La legislazione penale italiana prevede tuttavia anche (norma approvata qualche anno fa) che «nessuno può essere condannato se non esiste prova certa al di là di ogni ragionevole dubbio della sua colpevolezza». È un segnale forte di garanzia. Per potere condannare, nel nostro sistema giuridico, occorre, cioè, avere raggiunto l’assoluta certezza della responsabilità penale dell’imputato. Se un dubbio, anche minimo, permane, si deve assolvere. Ciò significa che gli indizi, per consentire una condanna penale, devono essere talmente forti, talmente univoci, talmente concordanti, da garantire la totale certezza della colpevolezza. Se non l’assicurano, ed i giudici cionondimeno condannano, violano la legge.

Che faranno, allora, i giudici di Perugia? Ovviamente non lo so. So soltanto che, per legge, potranno condannare i due ragazzi soltanto se gli elementi sottoposti alla loro attenzione garantiranno davvero la sicurezza della loro responsabilità. Se dovesse residuare anche soltanto un piccolo dubbio, dovranno necessariamente assolvere.

Sappiamo che media ed opinione pubblica americana, con riferimento al processo ad Amanda Knox e Raffaele Sollecito, hanno criticato, anche pesantemente, il nostro sistema di giustizia, hanno tacciato addirittura di barbarie la nostra legge ed i nostri tribunali. Sul terreno della legge, tuttavia, per le ragioni indicate non abbiamo nulla di cui rimproverarci. Il nostro è un processo garantista, esattamente come garantista è il processo «accusatorio» americano: in entrambi, se non si raggiunge la certezza processuale della colpevolezza, è giocoforza assolvere. Un problema, se esiste, non è pertanto di legislazione, ma di prassi, di costume giudiziario, di capacità degli inquirenti e dei giudici di gestire con capacità e correttezza prove ed indizi. Ed in effetti, proprio questo è il punto, poiché è su questo terreno che, a quanto ci è stato dato di sapere dalle cronache del processo, ragioni di critica e di perplessità non sono mancate.

Uno dei profili che ha attirato la mia attenzione è stato, su questo terreno, il tema delle prove scientifiche. Sappiamo, ad esempio, che i periti del primo giudice avevano riscontrato sul reggiseno della ragazza uccisa e sull’arma del delitto tracce ematiche asseritamente decisive nei confronti, rispettivamente, di Raffaele e di Amanda; ma che una perizia disposta dai giudici di appello ha ritenuto del tutto inattendibili tali prove. Un contrasto di giudizio tecnico stupefacente, che mai, se nessun perito avesse compiuto errori, dovrebbe profilarsi in un’aula di giustizia.

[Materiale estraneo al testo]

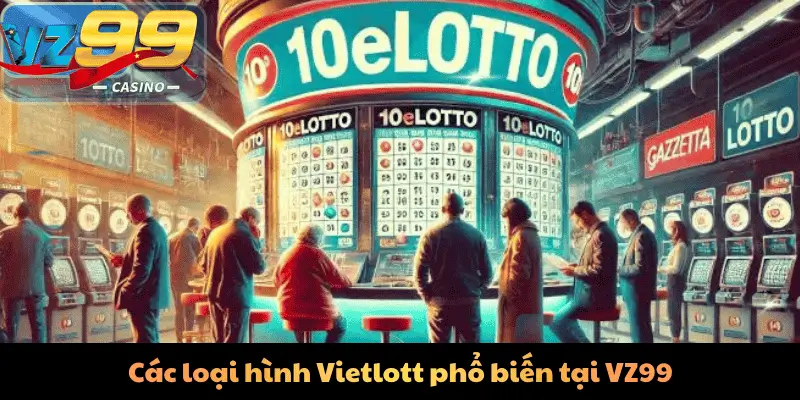 Các loại hình Vietlott phổ biến tại VZ99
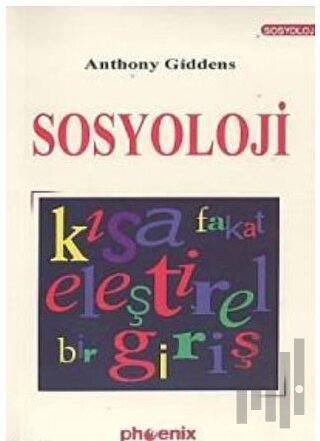 Sosyoloji Kısa Fakat Eleştirel Bir Giriş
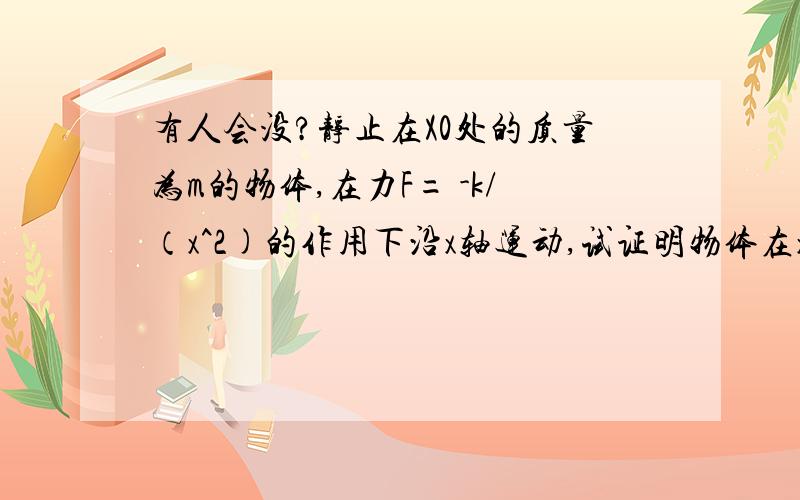 有人会没?静止在X0处的质量为m的物体,在力F= -k/（x^2)的作用下沿x轴运动,试证明物体在x处的速率为v^2=(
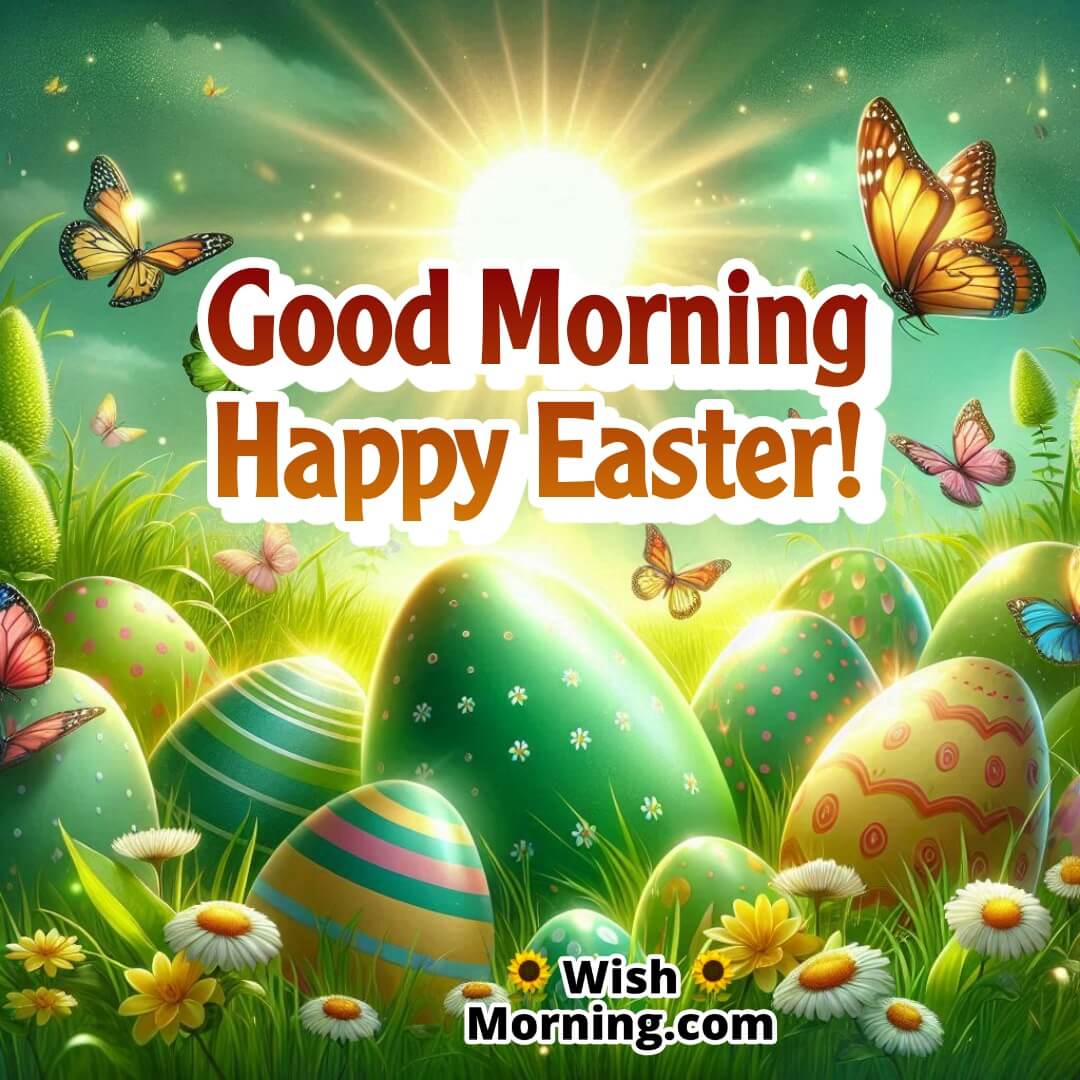 Good Morning Happy Easter Butterfly Meadow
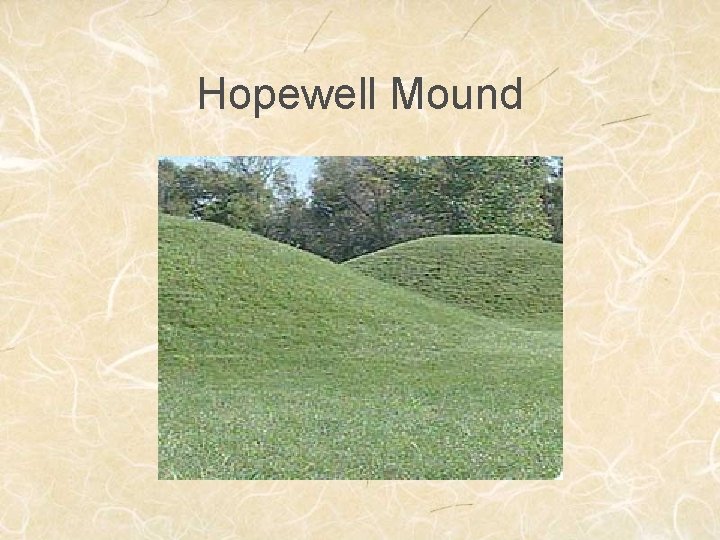 Hopewell Mound 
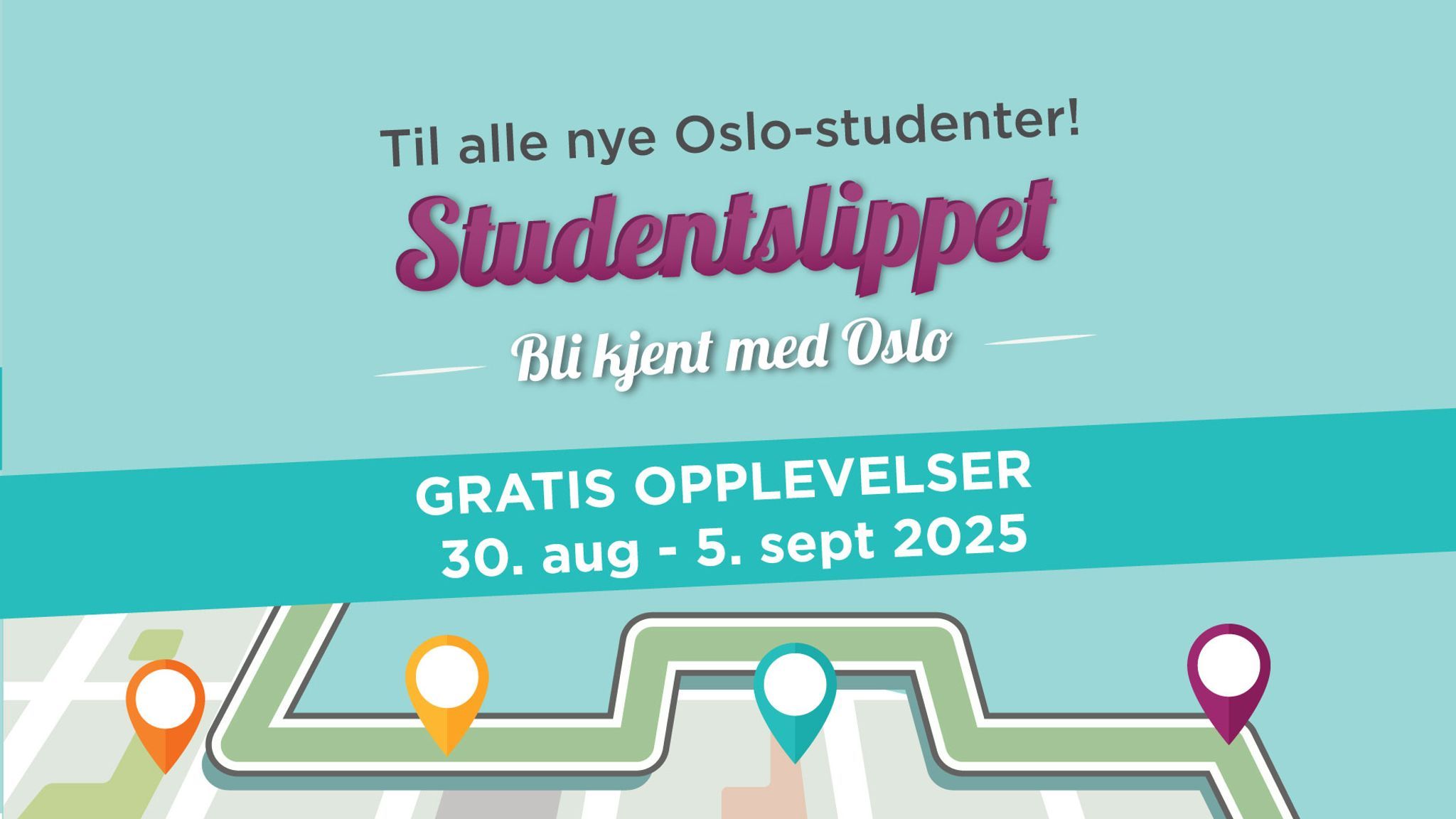 Grafikk med skrift: Studentslippet, gratis opplevelser 30. august til 5. september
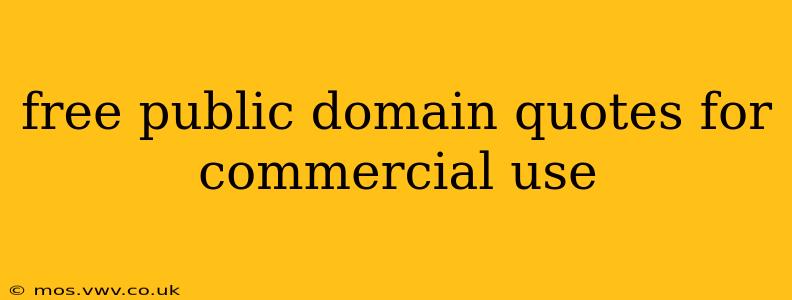 free public domain quotes for commercial use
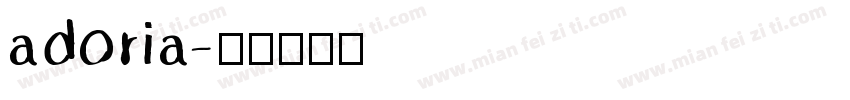 adoria字体转换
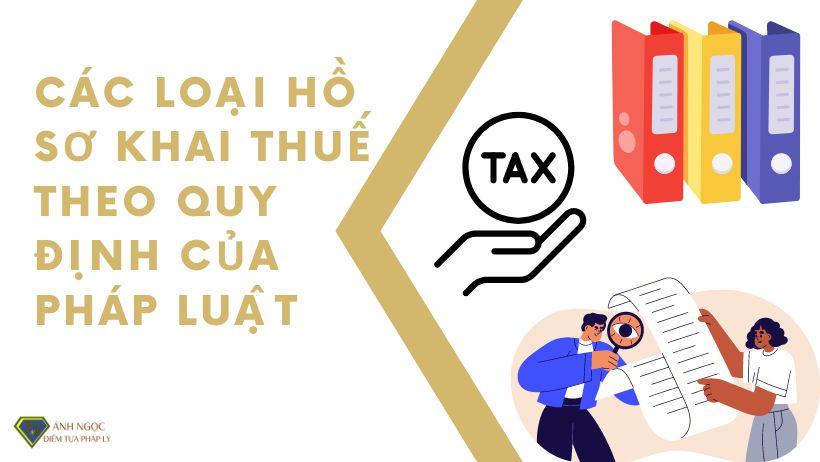 các loại hồ sơ khai thuế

Non conoscendo gli atti non sono in grado di valutare, nel caso di specie, torti e ragioni. In ciò che è accaduto a Perugia c’è tuttavia una conferma di quanto molti penalisti vanno ripetendo ormai da qualche anno: che troppe volte la prova scientifica nei processi nei quali, altrimenti, non c’è prova della commissione del reato, ma vi sono soltanto indizi, è fonte d’incertezza piuttosto che, come dovrebbe, di certezze. È accaduto, ad esempio, nel processo a carico di Alberto Stasi, dove vi è stata assoluzione, ma è accaduto altresì, a mio parere, nel processo a carico di Annamaria Franzoni, dove vi è stata invece condanna. Vedremo questa sera, o domani, che cosa decideranno i giudici di Perugia.